* _Task brief_: Retype every record exactly. Leave the pictures out.

* _Task input_:
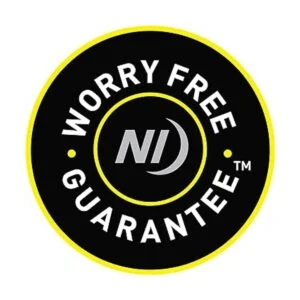 Nite Ize CSLW301R6 mosquetón con anilla CSLW301R6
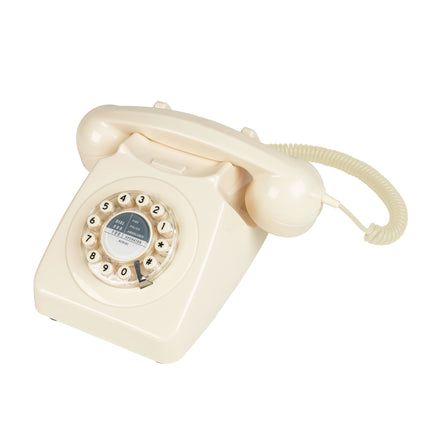 746 Replica Phone 1960s Classic Design Telephone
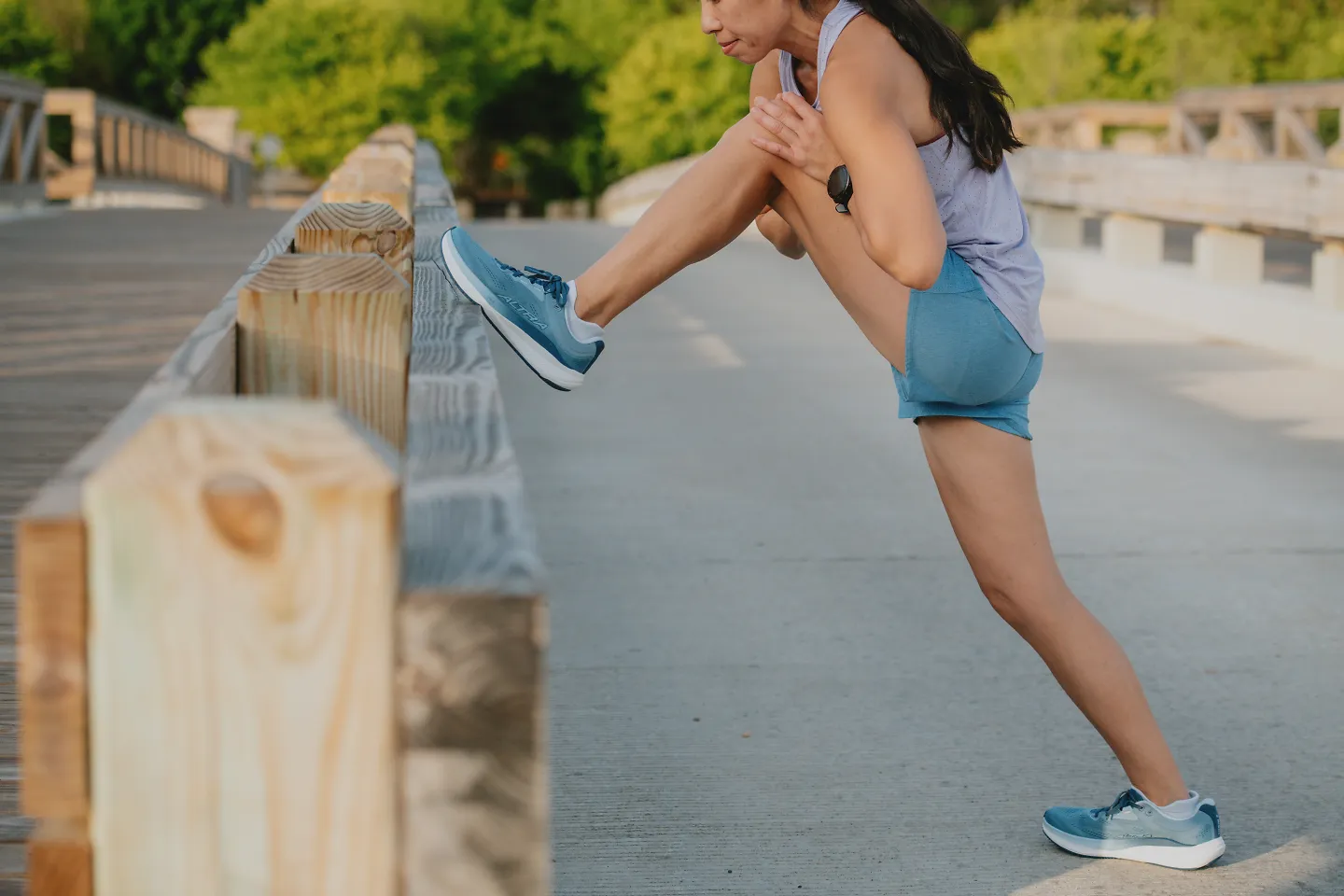 The Altra Torin 9
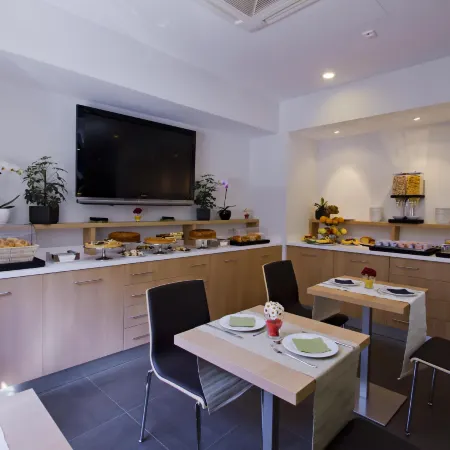 Hotel Gravina San Pietro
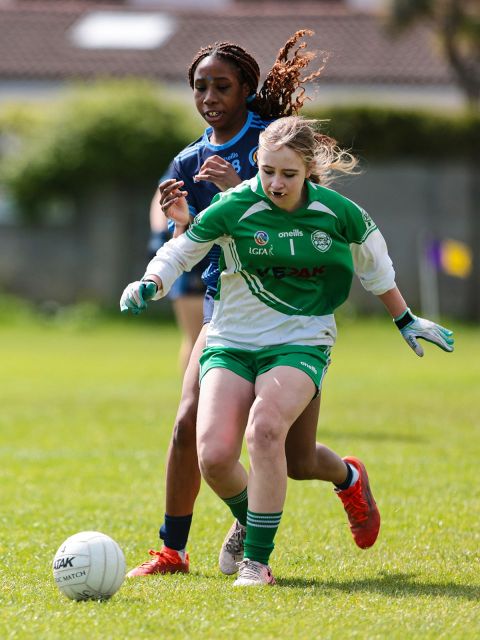 Div 10 Feile 2025 LF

* _Solution to the problem_:
 Nite Ize CSLW301R6 mosquetón con anilla CSLW301R6
 746 Replica Phone 1960s Classic Design Telephone
 The Altra Torin 9
 Hotel Gravina San Pietro
 Div 10 Feile 2025 LF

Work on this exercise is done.